→ **WORK TO COMPLETE**: In the data below, locate the line containing "Una foto de Guiso de Pollo con Patatas😋🍴" and the line containing "Handmade Handmade Chunky", then retype both and everything between them exactly. Pictures are not part of the copy.

→ **MATERIAL FOR THIS EXERCISE**:

○ ○ ○ ○ ○

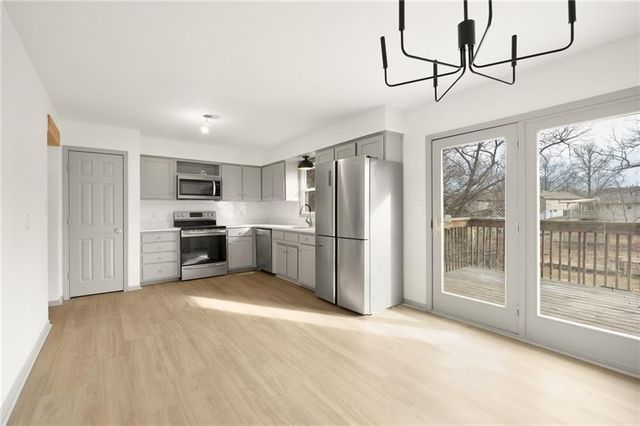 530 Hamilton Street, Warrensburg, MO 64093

○ ○ ○ ○ ○

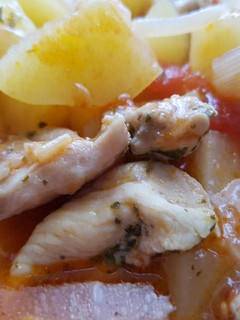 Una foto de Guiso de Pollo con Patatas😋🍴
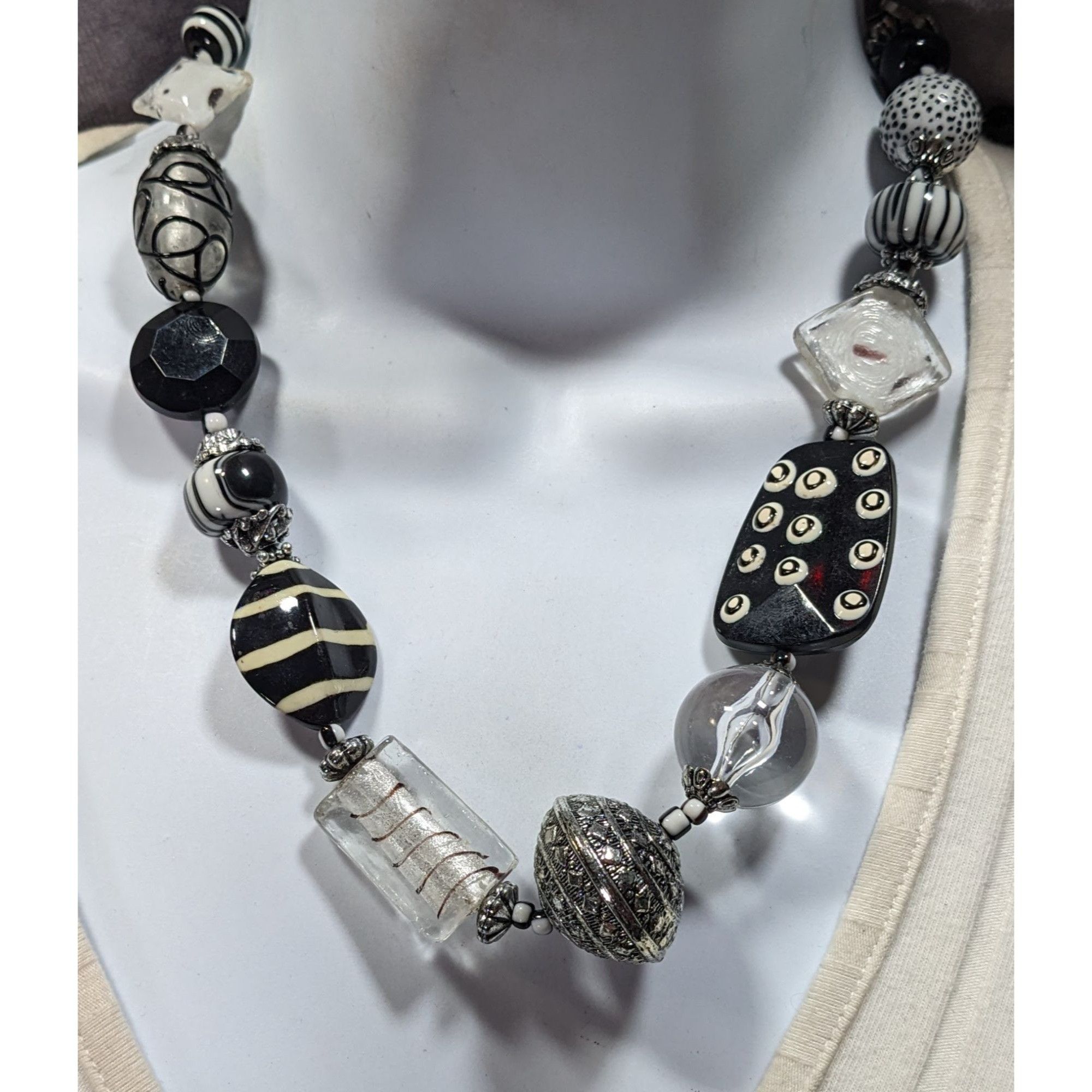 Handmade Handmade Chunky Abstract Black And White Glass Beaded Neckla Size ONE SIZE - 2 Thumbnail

○ ○ ○ ○ ○

→ **EXERCISE ANSWER**:
 Una foto de Guiso de Pollo con Patatas😋🍴
 Handmade Handmade Chunky Abstract Black And White Glass Beaded Neckla Size ONE SIZE - 2 Thumbnail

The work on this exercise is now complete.